Fighting to change the law
As a director of the Farewell Foundation, New West resident Russel Ogden, a Kwantlen Polytechnic University criminologist, is fighting for those changes.
Ruth followed the foundation’s protocol in carrying out her mission. Many of its 280 members are like Ruth, not wanting to prolong the pain of a poor quality of life because of a chronic, but not terminal, illness. They’ve already had what they believe is a “completed life” and the alternative of death is more attractive than living.
“What they may have in front of them is a much longer period of suffering,” says Ogden, who has witnessed three suicides and been arrested and subpoenaed three times.
Like Ogden, Michael and his mother followed the Gloria Taylor case in which B.C. Supreme Court Justice Lynn Smith ruled Canada’s law on doctor-assisted suicide was unconstitutional. While Taylor has since passed away, the ruling has been appealed. However, Taylor was terminally ill and the ruling applied only to those in that situation.
The Farewell Foundation wants Ottawa to deal with the issue on a broader basis and provide a system similar to Switzerland. The Swiss have not-for-profit organizations that help their members with their suicides under a protocol that demonstrates to the police and justice system that there are no selfish motives involved.
Ogden says the Dutch system, where the approach is mostly medical, produces consequences where many people who should be allowed to take their lives are deemed ineligible.
“The right to end one’s life is a fundamental human right,” says Ogden.
“And the obligation of society is to not impose a mandate of absolute prevention for those thinking about ending their lives, but instead to support such decisions by way of ensuring that any final decision is carefully and fully informed and it is not coerced and is voluntary. The paradox of supporting decisions around suicide that are informed, uncoerced and voluntary is that course of dialogue proves to be a very effective method for suicide intervention because it slows the process down and it encourages individuals to consider all of their options … and often people can often find ways to live longer and better.”
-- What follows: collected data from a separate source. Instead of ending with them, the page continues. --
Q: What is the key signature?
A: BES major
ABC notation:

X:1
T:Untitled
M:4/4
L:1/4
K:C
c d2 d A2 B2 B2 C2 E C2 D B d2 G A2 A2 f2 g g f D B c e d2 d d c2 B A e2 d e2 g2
If Justice Smith’s ruling is upheld in the Gloria Taylor case, Ottawa has 12 months to change the law. But Ogden doesn’t see a government led by Prime Minister Stephen Harper going as far as the foundation would like.
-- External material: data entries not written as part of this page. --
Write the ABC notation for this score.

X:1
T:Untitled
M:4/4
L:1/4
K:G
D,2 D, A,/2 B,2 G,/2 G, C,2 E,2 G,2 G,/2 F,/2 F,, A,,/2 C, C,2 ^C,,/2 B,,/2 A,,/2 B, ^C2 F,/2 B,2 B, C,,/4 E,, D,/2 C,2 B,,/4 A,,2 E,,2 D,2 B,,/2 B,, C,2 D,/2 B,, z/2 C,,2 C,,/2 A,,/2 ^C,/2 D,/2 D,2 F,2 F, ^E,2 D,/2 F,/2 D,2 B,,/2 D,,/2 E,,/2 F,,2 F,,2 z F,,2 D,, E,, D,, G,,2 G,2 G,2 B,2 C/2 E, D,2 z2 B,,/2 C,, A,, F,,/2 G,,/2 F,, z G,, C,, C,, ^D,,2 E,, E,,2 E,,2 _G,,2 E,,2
“I doubt the Harper regime will be generous at all in the scope [of its legislation],” Ogden says. “There are a lot of permissions being sought in [the Taylor ruling], and we can expect whatever the federal government comes up with the restrictions will be even greater.”
Michael Goodwin just wants to get the conversation going.
“Really the bottom line message is it’s time to get this out of the closet and talk about it. They’ve done surveys on it and about 80 per cent of the population agrees,” he says.
“As my mother put it, they shoot horses don’t they?”